Work order:
Copy out exactly, and only, the lines from the one containing "Outdoor Portable Volleyball" through the end of the entries. No pictures.
Data excerpts section start
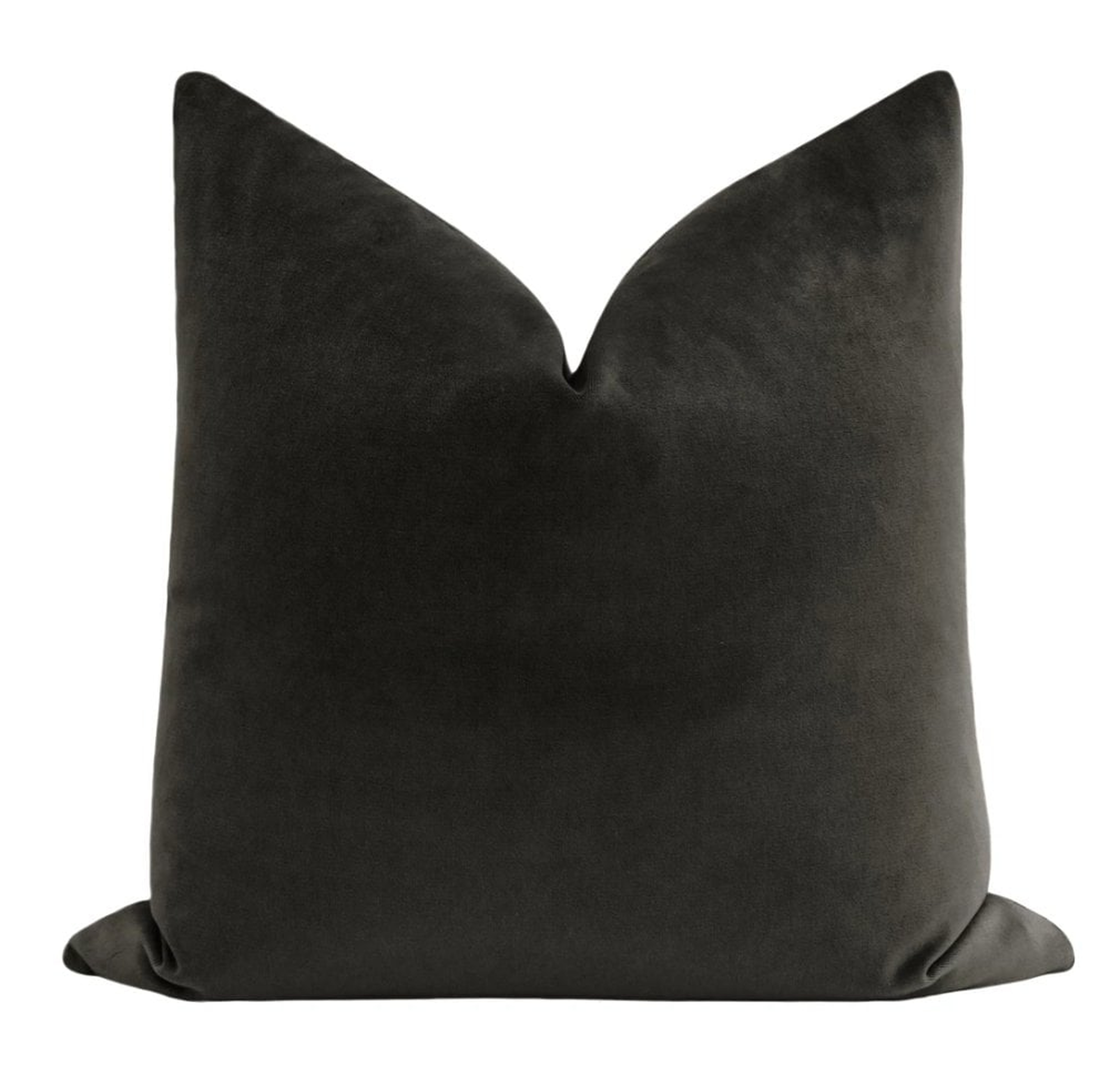 Society Velvet Throw Pillow Cover, Graphite, 20" x 20" - Little Design Company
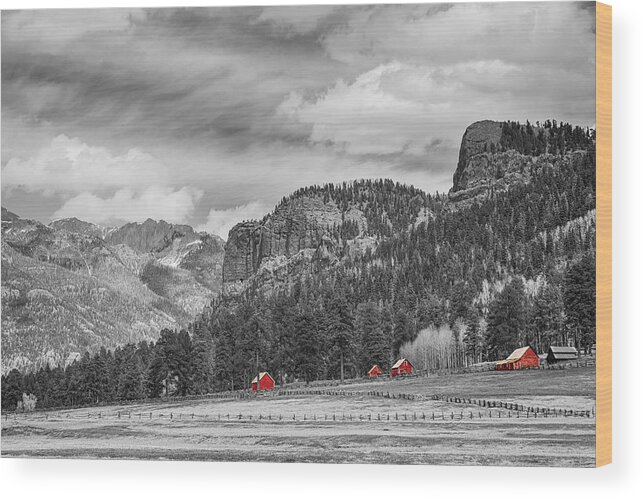 Barn Wood Print featuring the photograph Colorado Western Landscape Red Barns by James BO Insogna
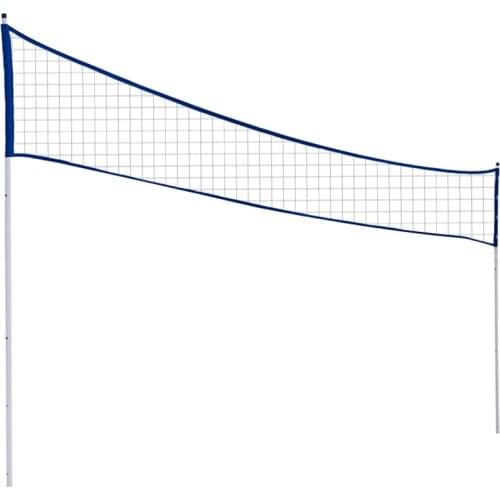 Outdoor Portable Volleyball Net Folding Adjustable Volleyball Badminton Tennis Net with Stand Pole for Beach Grass Park Venues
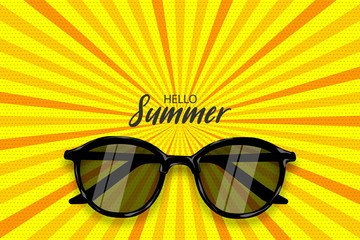 Summer time sunglasses halftone pop art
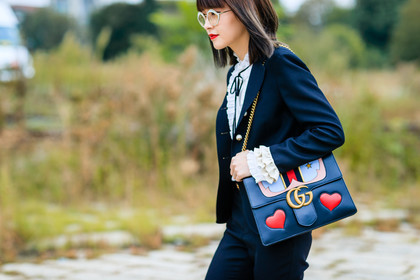 atmosphere details, black jacket, black suit, blazer, blue bag, detail, fashion week, fil xiaobai, frenchystyle, FW, gucci, horizontal, jonathan paciullo, leather bag, MFW, MILAN, printed bag, red lips, SPRING SUMMER 2017, SS 17, street style, white shirt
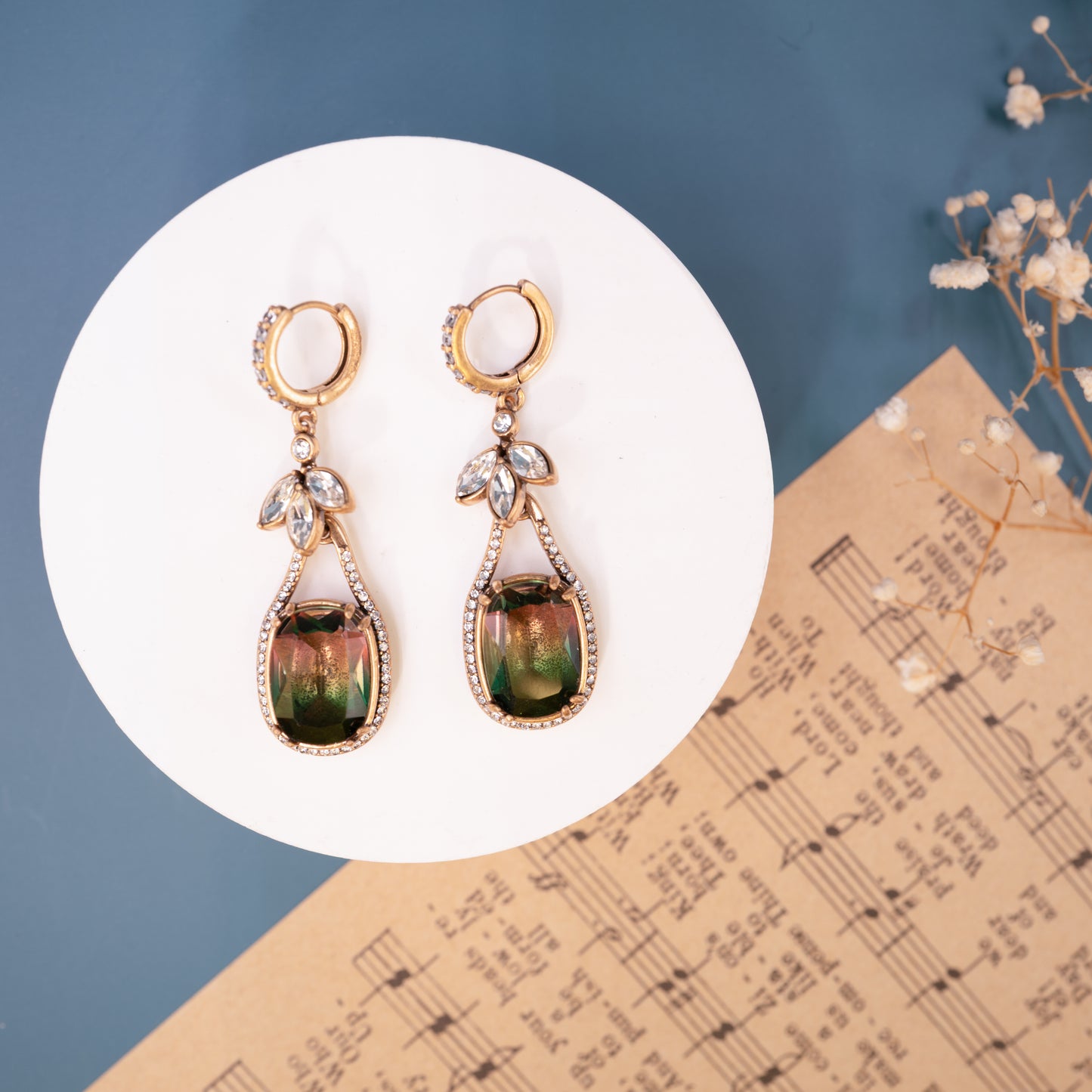 Encoriel Forest Hue Crystal Drop Earrings
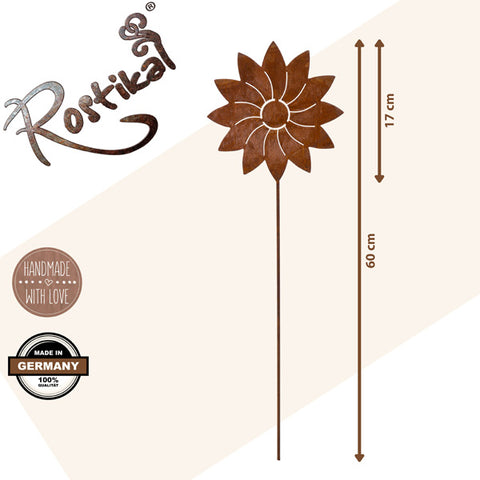 Rostoptik Metallblume auf Steckstab, elegante Dekoration für Innenräume und Gärten, passend für Drinnen und Draußen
Data excerpts section end
Answer space:
 Outdoor Portable Volleyball Net Folding Adjustable Volleyball Badminton Tennis Net with Stand Pole for Beach Grass Park Venues
 Summer time sunglasses halftone pop art
 atmosphere details, black jacket, black suit, blazer, blue bag, detail, fashion week, fil xiaobai, frenchystyle, FW, gucci, horizontal, jonathan paciullo, leather bag, MFW, MILAN, printed bag, red lips, SPRING SUMMER 2017, SS 17, street style, white shirt
 Encoriel Forest Hue Crystal Drop Earrings
 Rostoptik Metallblume auf Steckstab, elegante Dekoration für Innenräume und Gärten, passend für Drinnen und Draußen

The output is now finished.